Tallies of Bird Flu Deaths in Vietnam, China May Be Too Low, Experts Say
By Elisabeth Rosenthal
THE NEW YORK TIMES
With China reporting its first two human deaths from bird flu, international health specialists are warning that current tallies may greatly underestimate the problem, there and elsewhere.
Scientists have long been mystified by the low number of cases in humans reported in China, which has such a severe bird flu problem that it recently announced plans to vaccinate 14.2 billion chickens, geese and ducks. Far smaller countries, with less severe bird flu outbreaks, have reported many more human cases.
A team from the World Health Organization has gone to China to help investigate the deaths of two women in eastern Anhui province, a 24-year-old poultry worker on Nov. 10 and a 35-year-old farmer on Nov. 22.
Dick Thompson, a World Health Organization spokesman in Geneva, said last week that the health agency did not believe that China was hiding human bird flu cases the way it covered up the number of patients with severe acute respiratory syndrome, or SARS, in 2003. But he said that systems to diagnose a virus-like bird flu were often poorly developed and underfinanced in the rural areas with the most cases.
“In some cases the surveillance system may not be there,” he said.
“We’re not nosing around,” he added, “but we may be able to provide some technical expertise.”
Vietnam has reported 91 cases of bird flu in humans, with 41 deaths, said Cao Duc Phat, the minister of agriculture, who presented new data last week to the U.N. Food and Agriculture Organization. China, which has reported 24 outbreaks this year, has reported only three cases of infection in humans.
While bird flu is now an animal disease, one form of it, H5N1 influenza, can, in rare cases, infect humans who have had contact with sick birds, and it is often deadly. In rural areas with little expertise or capacity to diagnose the disease, cases may go unreported. The virus may cause a mild disease in some people that would not be detected because they would not go to a hospital, Thompson said.
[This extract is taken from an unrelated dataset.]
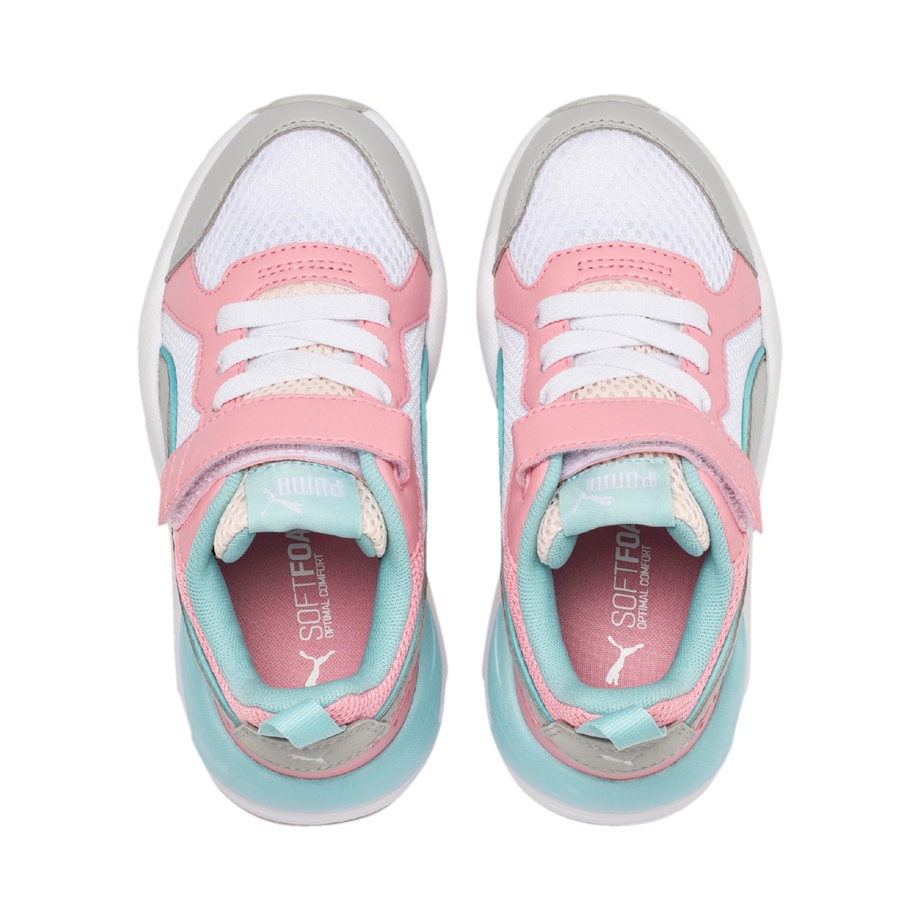 Puma Xray Ac Ps  Çocuk Günlük Ayakkabı - 37292105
On Wednesday at a news conference, China’s health minister, Gao Qiang, defended the government against accusations of a cover-up of bird flu infections, saying official figures were “transparent, comprehensive and accurate,” Reuters reported. But he said doctors in rural areas might be too ill-equipped and ill-trained to detect cases in people.
Creating further concern about China’s bird flu data, news on outbreaks has sometimes been slow to emerge from provinces and to the state media. Vietnam, in contrast, posts a daily 4 p.m. update on the Internet, detailing human and animal infections.
China’s lack of openness about SARS helped it spread throughout the nation and beyond in 2003, because most people did not know they were at risk. While the government has become more open about health statistics, the specialists said, the penchant for secrecy remains.